Who Really Invented Sustainable Fashion?
When the term “sustainable fashion” is celebrated on a Paris runway, a quiet dissonance settles in. Is this a real shift, or is it just the industry doing the bare minimum and taking the credit? Brands know that most people don’t care about what is happening miles away. They can launch a “conscious” collection with fanfare, making it feel like a new sun has been born, even when it’s just 1% of their business, a gesture meant to look responsible.
The H&M Conscious Collection was even found to have only a small fraction of pieces that met its own environmental standards. True sustainability requires slowing production, reducing waste, and ensuring fair labor. None of these choices protect a company’s profit.
Part of this confusion comes from the way we talk about “modern pioneers.” A designer like Stella McCartney didn’t invent sustainability, but she played a crucial role in pushing it into the luxury spotlight. She refused leather, fur, and feathers, proving that cruelty-free fashion can hold its place in luxury. She used organic cotton, recycled polyester, vegan leather alternatives, banned PVC and single-use plastic, pushed renewable energy, and insisted on transparency across the supply chain.
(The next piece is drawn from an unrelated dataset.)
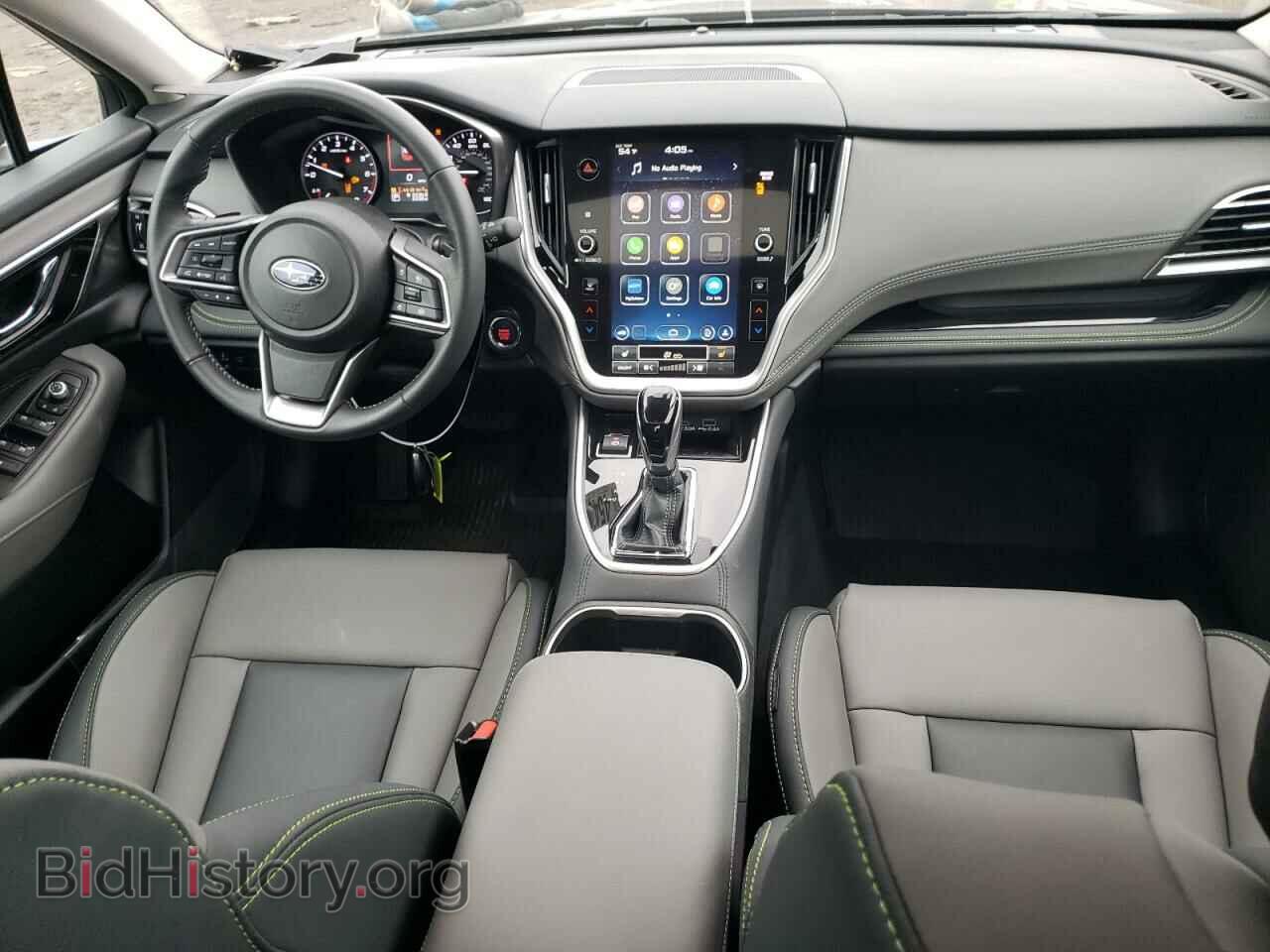 2023 SUBARU OUTBACK - VIN: 4S4BTALC5P3142652 - Фото 8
She made sustainability feel like a status symbol by proving that luxury can be ethical and still justify its price.
But challenges remain. Many vegan alternatives rely on plastics that release microplastics, and while she refuses animal leather, she still uses silk from silkworms. She is far ahead of many of her peers, but you still can’t say her brand is totally sustainable. She is always trying, and that effort matters. It is not the origin story.
The real story of sustainability, the one lived for millennia, is rarely acknowledged. True wisdom already existed in the quiet practices of reuse and reverence.
Across the world, ancestral practices prove this. In Japan, the philosophy of Boro sees a garment mended over and over until it becomes a patchwork of history. It embodies wabi-sabi: perfection in imperfection, resilience stitched into cloth like a person carrying their scars and still growing.
In India, the tradition of Kantha turns old sarees into new blankets. Women stitch their love, their days, and their stories into fabric. The motifs: daily objects, nature, mythology, become storytelling passed from woman to woman.
These practices are not trends; they are rituals. Vintage shopping is often driven by aesthetics. But the ritual of a bride wearing her mother’s wedding saree is different. It is an act of connection, a transference of history. One is a transaction. The other is a story. And the ultimate failure of the modern fashion industry was allowing consumption to erase memory.
Fast fashion made this forgetting faster. It offered “style democracy” with an invisible human cost. Its greatest sin wasn’t only the environmental devastation. Cotton drains water, and synthetic fibres will never biodegrade. Its true damage was the erasure of memory. We lost the connection to the person who made our clothes and the understanding of their value.
A new trend arrives every week, and we are encouraged to buy, post a picture on Instagram, and believe we can’t wear it again. This endless cycle prevents the formation of a personal style at all. The desire for something new is never satisfied, because there is always something new.
This creates a flawed binary. Either you buy from expensive ‘ethical’ brands or you are framed as part of the problem. But fashion shouldn’t be a privilege. A person who buys one fast-fashion piece and wears it for years lives more sustainably than someone who over-consumes from “green” brands just to flaunt a hashtag. Even when we try to do the right thing, the system works against us. Most of our donated clothes still end up in landfills.
The term “sustainability” may feel modern, rising during the 80s, with “slow fashion” only coined in 2007, but the practices are ancient. Allowing the West to package and monetise this global wisdom has a cultural cost: the erasure of the authentic story. I don’t know the precise future of sustainability, but I know it lies in going backwards to move forward. It lies in small rituals: having a personal style so you are not swayed by every trend, setting a yearly budget for clothes, and learning to mend a small tear.
These rituals were always in my own family, mending clothes, buying fewer pieces but buying them well. I never saw it as a “movement”; it was just life. Even now, I fight my own fleeting urges. I am not a monk. I still end up on shopping websites, adding things to my cart. But I stop. Sometimes I feel like a fool among my friends for spending more on a single garment, but I feel better for myself. I am escaping the endless capitalist cycle to buy pieces I will truly cherish.
Sustainability is not about who invented it. It is about who is still living it. It is about the energy we choose to wear. If you wear a garment made from the sweat of workers who are cursing the system while they make it, who cannot care for themselves, who are trapped and losing their lives for that garment. What energy are you wearing?
The question isn’t who invented sustainable fashion. The real question is: who still remembers how to live it?